No shoes on the mat.
Cut your nails and wash your hair.
Wash your gi/rashguard/shorts before every training session.
Don’t show up late to class if you can help it.
If you are late to class, wait outside the mat for your instructor’s acknowledgement, then step onto the mat.
Never show up half way through a class just to roll. If you want to roll, come to the whole class. Showing up just to roll, implies you don’t want anything from your instructor other than mat space and people to roll with.
If you have to leave class early, inform the instructor at the beginning of class. If unexpectedly you need to leave midway through class, let your instructor know before you go.
Keep your gi top on during class. If you absolutely need to remove it, ask your instructor first.
Never ask questions while your teacher is showing the move. Wait until he is done and asks for questions, or until you and your partner pair up.

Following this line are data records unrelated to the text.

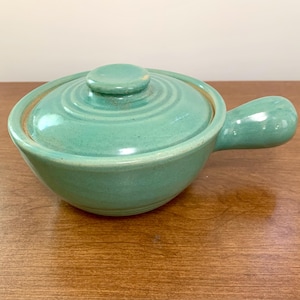 May include: A teal ceramic soup bowl with a lid and a handle. The bowl has a round shape with a lid that fits snugly on top. The handle is curved and easy to grip. The bowl is made of ceramic and has a smooth, glossy finish.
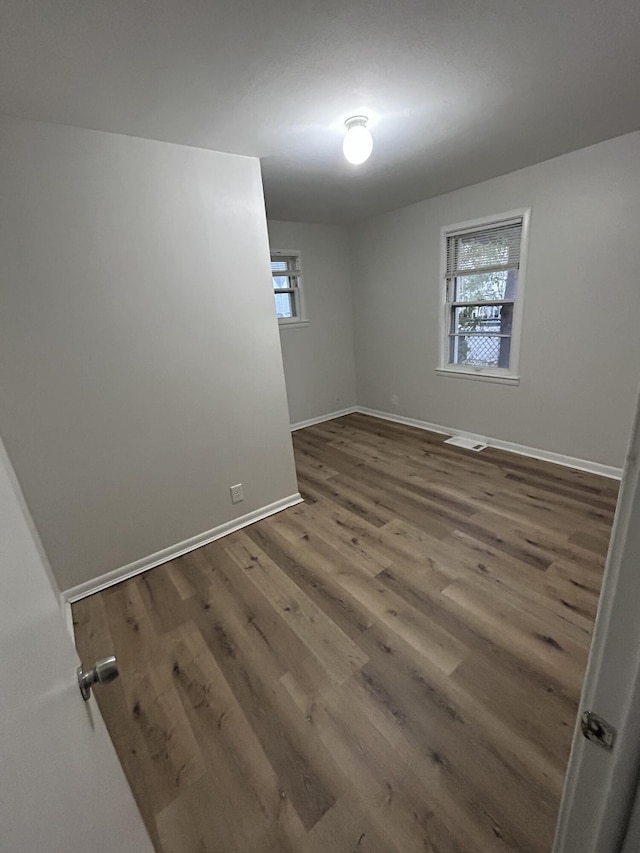 unfurnished room featuring dark hardwood / wood-style floors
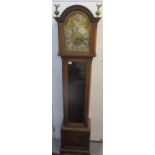 LOT WITHDRAWN - An early 20th century oak cased longcase clock. The arched top dial having a matted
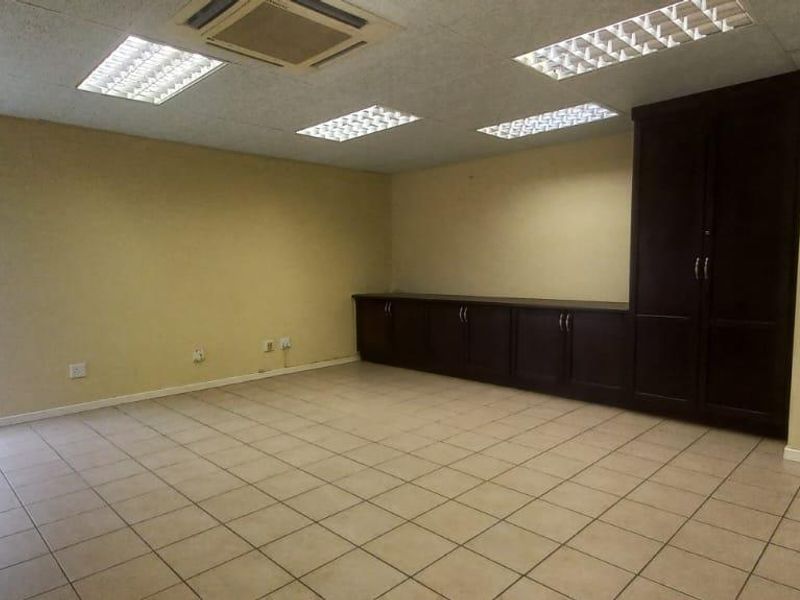 Spacious office area featuring tiled flooring, built-in storage cabinetry, recessed ceiling lighting, and a ceiling-mounted air conditioning unit.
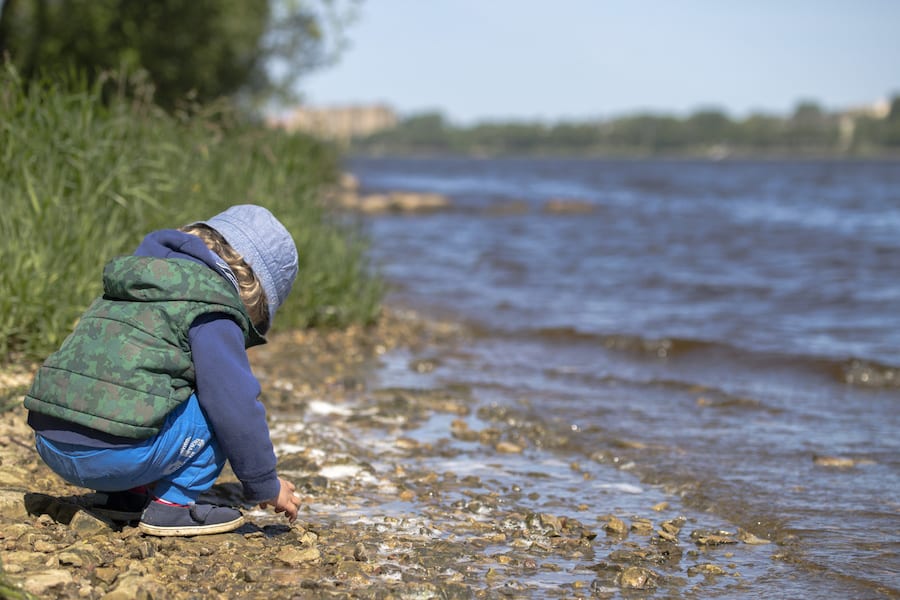 Kid playing at the shore of a river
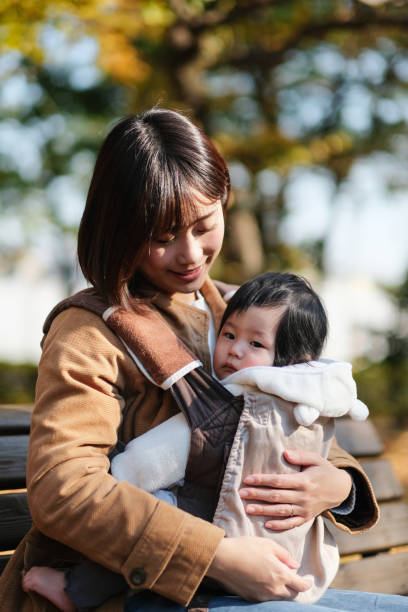 istock Mother embracing baby and talking to her 1080877710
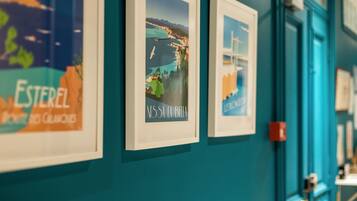 A hallway with framed artwork on teal walls, a door with a red handle, and a small table with items on it.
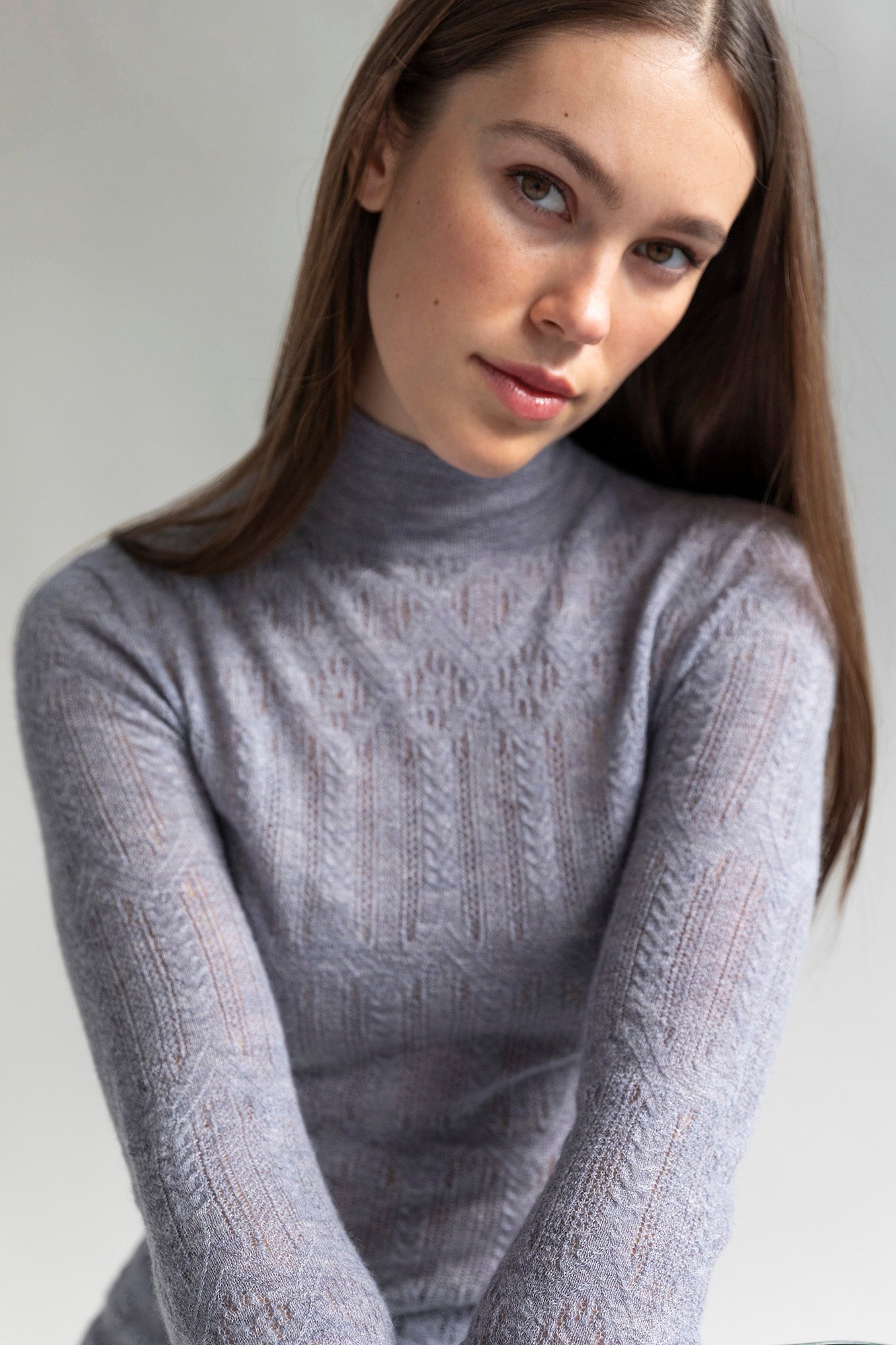Model wearing the Elise Cashmere Pointelle Sweater in glint grey. The sweater features a fitted silhouette, turtleneck, and long sleeves.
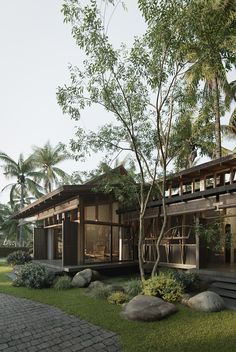 the house is surrounded by lush green trees and rocks, along with large stones on the ground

Never challenge the teacher or “correct” his techniques
Stay on task during the technique portion of class. Practice what your instructor demonstrated. Don’t start drilling the technique or variation you saw on YouTube the night before.
DURING ROLLING (SPARRING)
If you have an injury, don’t expect your partner to read your mind. Tell them about it before you roll.
Don’t smash people who are much smaller or a lot less experienced than you are. Let them into the game by allowing them to try techniques on you as well. Take time to work on your defenses and new techniques etc.
Never stop rolling because you are tired. Try your best to finish the round. This will build your mental toughness.
If you get the chance to spar with your instructor, don’t try and kill him.
Try to keep your ego under control.
During regular rolling, never stop the action to learn a technique or ask a question. Save the talking until after the roll.
Never make excuses before a roll. ie. “I was out late last night and I’m a bit tired so you might kick my butt…”
If you tell your partner you want to “just roll light”, don’t suddenly go 110% on them. Also don’t feign or complain about an injury before rolling, and then blast the other person with 110% intensity.
Coloured belts: Dont be a bully, only choosing less technical people to roll with. Be sure to also choose many people that will give you a tough challenge. That being said, occasionally ask hard working lower belts to roll to help build their skills.
Coloured belts: Don’t leg lock the newer white belts over and over again. Play the positional game with them and attack them will the moves/positions they will see most often to help them learn.
When starting from knees don’t use this opportunity to immediately stand up and bull rush the person you are sparring with. “From the knees” means from the knees. Play a mix of top and bottom game. Don’t battle on the knees like a maniac trying to only play top position. Both you and your partner should each spend time on the bottom playing from the guard.
Never make excuses when you tap out to or get dominated by someone in rolling. If someone gets your number on the mat, congratulate them for doing a good job.
Don’t celebrate after tapping out somebody in class.
If you spill some blood clean it up.
It is always better to be safe than sorry. Never crank a submission. If you have a submission on someone and you are not sure if they have tapped, lighten up. Don’t keep putting on pressure just to get the tap. If they escaped because you relieved some pressure that’s not a big deal. You know you could have gone harder, and that your technique was locked on.
Say “Good training” before the roll and “Thank you” afterwards.
It is really bad etiquette to talk about who tapped who outside of class.